The Role of Protein

Only a few investigators have attempted to map the actual epitopes on PF4-heparin complexes recognized by HIT antibodies. Horsewood et al. (1996) studied a total of 29 antibodies from patients with HIT that were positive in the PF4-heparin enzyme immunoassay (EIA) and in the SRA. Five of these antibodies also reacted with reduced alkylated PF4 in the presence of heparin. The same five antibodies also recognized a peptide containing the 19 COOH-terminal amino acid residues of the PF4 monomer, a region that encompasses a positively charged a-helical domain thought to be critical for heparin binding (Loscalzo et al., 1985). However, neither reduced PF4 nor the COOH-terminal peptide could inhibit binding of HIT antibodies to PF4-heparin complexes, even at high concentrations. Therefore, the clinical significance of the five antibodies is uncertain.

Amiral and coworkers (1996a) studied a subgroup of 15 patients thought to have HIT, whose antibodies were positive in a PAT but negative in PF4-heparin EIA. Nine of these patients had antibodies that recognized NAP-2 or IL-8, or both, two members of the CXC chemokine family that are homologous with PF4. These findings are of interest because five of the nine patients had thrombotic episodes. However, reactions of these antibodies against NAP-2 or IL-8 in their normal configurations (not immobilized on plastic) were not described, and their relation to antibodies that recognize PF4-heparin complexes is uncertain.

Ziporen et al. (1998) studied the binding of antibodies from 50 HIT patients to different constructs of PF4 containing a single amino acid substitution and chimeric proteins containing various portions of human PF4 and NAP-2. Mutation to alanine of three (K62, K65, K66) of the four lysine residues in the COOH-terminal a-helix had only minimal effect on the binding of HIT antibodies, and the K61 ~ A mutation reduced antibody binding by only about 50%, indicating that the COOH-terminal lysines of PF4 do not constitute the major antigenic site for HIT antibodies. NH2-terminal PF4-NAP-2 chimeras exhibited only slightly reduced antibody binding. In contrast, the PF4-NAP-2 chimera, in which the portion of PF4 lying between the third and fourth cysteine residue (amino acids 37-47) was substituted by the corresponding NAP-2 sequence, was almost totally nonreactive.
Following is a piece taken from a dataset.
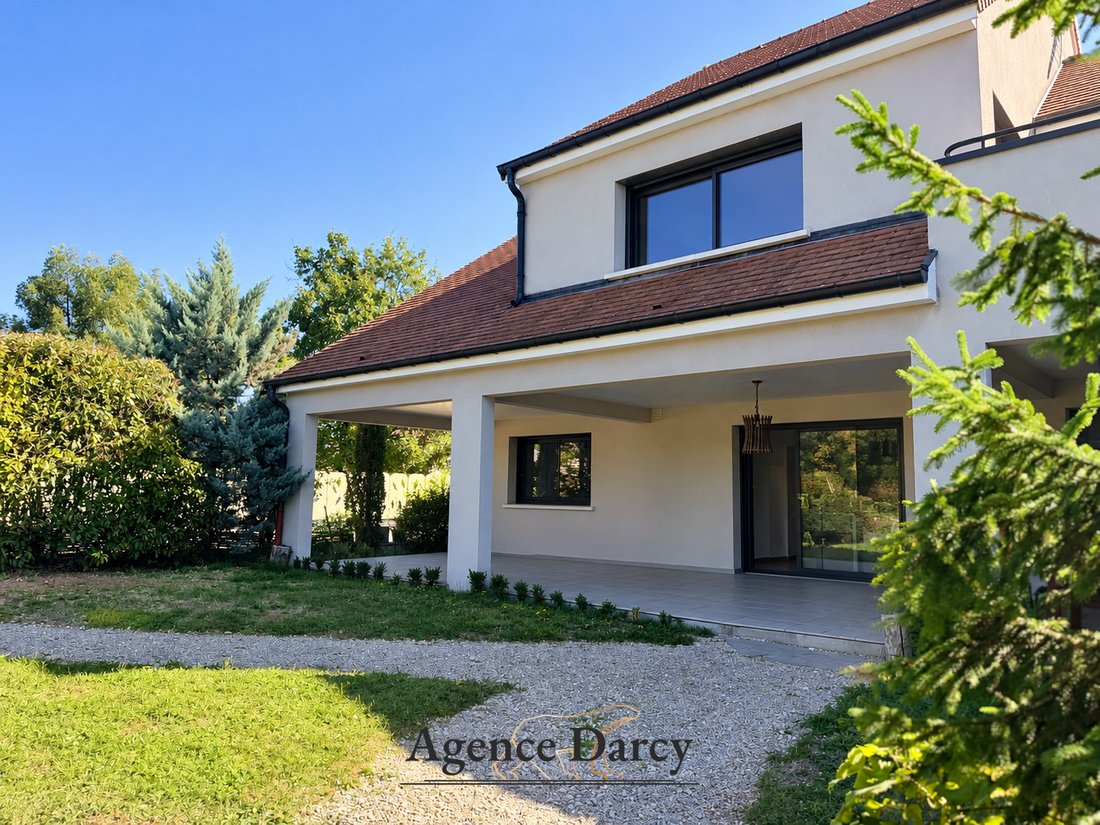 Maison à Messigny-et-Vantoux, Bourgogne-Franche-Comté, France 1 - 19064087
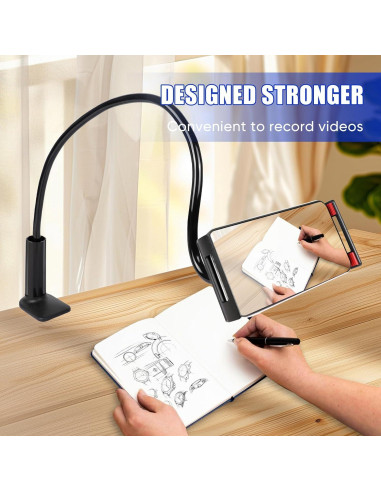 Soporte de Tablet Selfdee Ajustable para Cama 4-10"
With a different approach, we found that, although human PF4 has 74% protein sequence identity to bovine and rat PF4, neither bovine nor rat PF4 complexed to heparin is recognized by HIT antibodies (Visentin, 1999). Yet, rat PF4 differs from its human counterpart at only six of its 47 COOH-terminal amino acids (Doi et al., 1987; Poncz et al., 1987) (Fig. 3). To characterize the binding sites for HIT antibodies on PF4-heparin, we constructed seven PF4 mutants in which the human sequence (reactive) was converted to the corresponding residues of rat PF4 (nonreactive) and determined the effect of each change on HIT antibody binding to the construct complexed with heparin. The PF4 constructs tested were comparable with wild-type PF4 in their avidity for heparin. Each of the 15 antibodies from HIT patients recognized PF4-heparin complexes containing PF4 constructs bearing mutations: E4 ~ S, L11 ~ V, and T16 ~ S at the NH2-terminus, or A57 ~ V at the COOH-terminus just as well as the wild-type human PF4-heparin complexes. In contrast, complexes containing other COOH-terminal mutants: P37 ~ A / T38 ~ V/A39 ~ P, R49 ~ S, and L55 ~ R exhibited varying degrees of reduced binding. The HIT antibodies tested recognized PF4 mutated at positions 49 and 55 only at a higher ratio of heparin to PF4 (0.8U/mL vs. 0.5 U/ mL). None of the 15 antibodies recognized peptides comprising the 26 or 15

COOH-terminal amino acid residues of the PF4 monomer or reduced alkylated human PF4 either in the presence or in the absence of heparin.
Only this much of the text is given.